## What to work on
Below are records; from the line containing "Historical Map, Kansas" through the very last line, output each line exactly. No pictures.

## Data
----
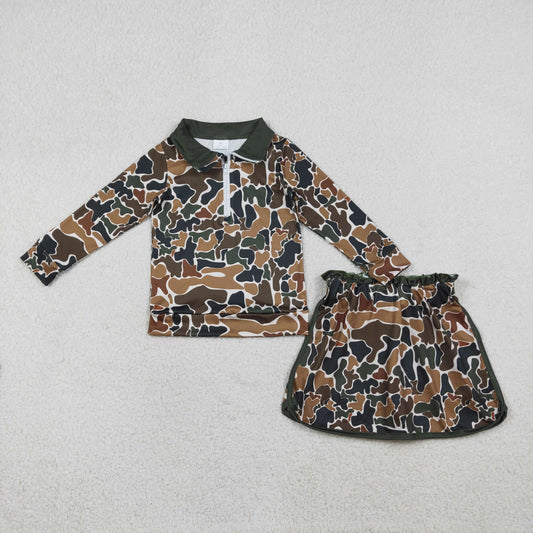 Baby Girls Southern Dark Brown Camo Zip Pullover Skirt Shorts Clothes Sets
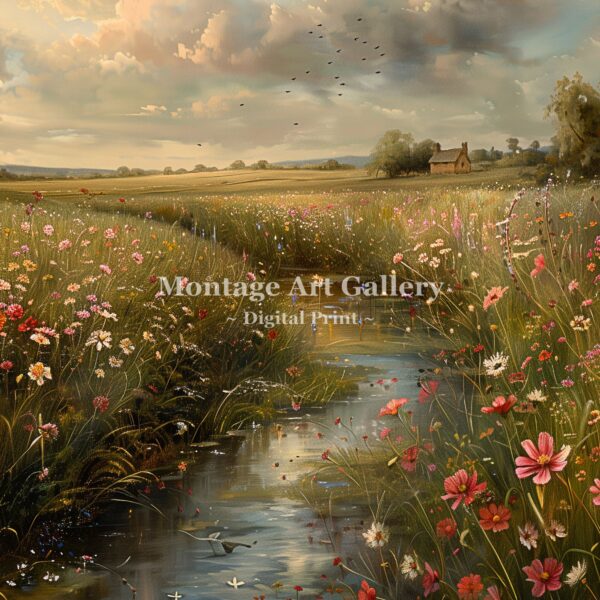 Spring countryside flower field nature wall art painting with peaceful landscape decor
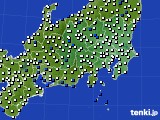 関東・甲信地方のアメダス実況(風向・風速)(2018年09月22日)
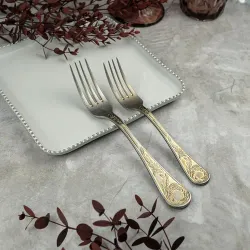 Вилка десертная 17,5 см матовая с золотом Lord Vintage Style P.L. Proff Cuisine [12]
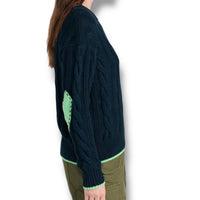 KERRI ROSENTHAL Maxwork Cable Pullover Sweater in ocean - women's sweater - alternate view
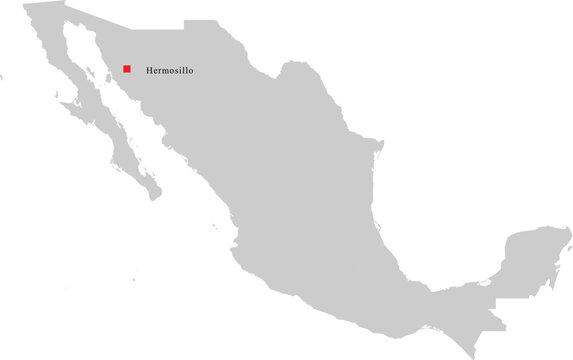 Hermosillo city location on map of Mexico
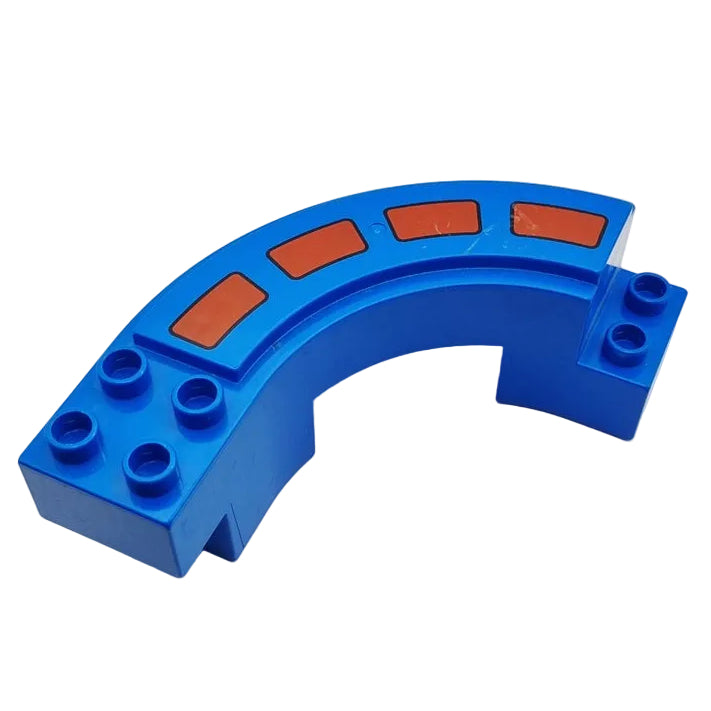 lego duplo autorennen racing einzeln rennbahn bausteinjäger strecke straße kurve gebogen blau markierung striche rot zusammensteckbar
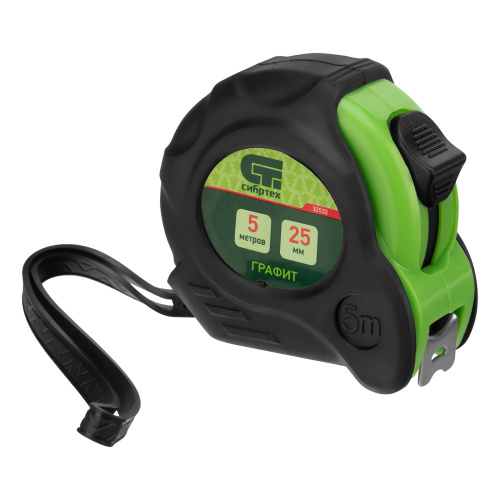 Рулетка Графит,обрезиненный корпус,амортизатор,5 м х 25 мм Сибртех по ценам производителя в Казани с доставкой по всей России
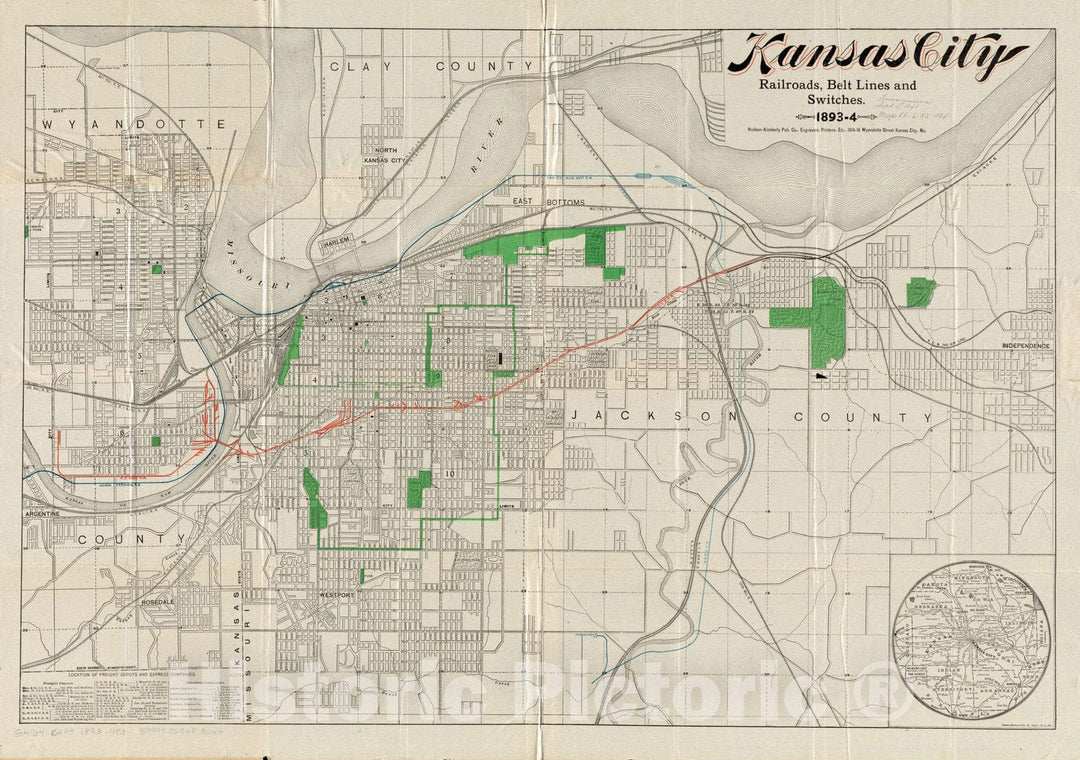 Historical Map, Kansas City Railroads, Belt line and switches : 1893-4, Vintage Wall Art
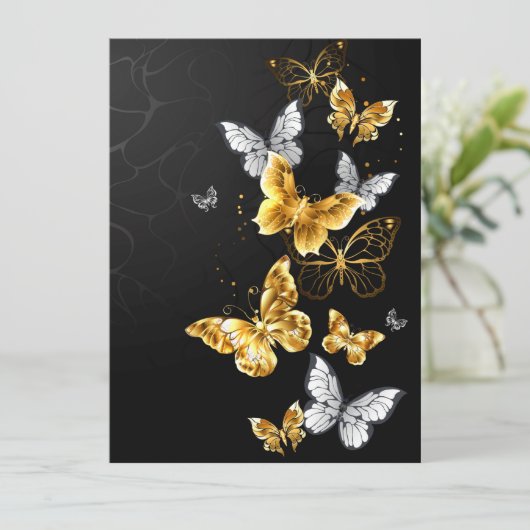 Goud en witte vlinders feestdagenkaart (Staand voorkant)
----
## Written answer
 Historical Map, Kansas City Railroads, Belt line and switches : 1893-4, Vintage Wall Art
 Goud en witte vlinders feestdagenkaart (Staand voorkant)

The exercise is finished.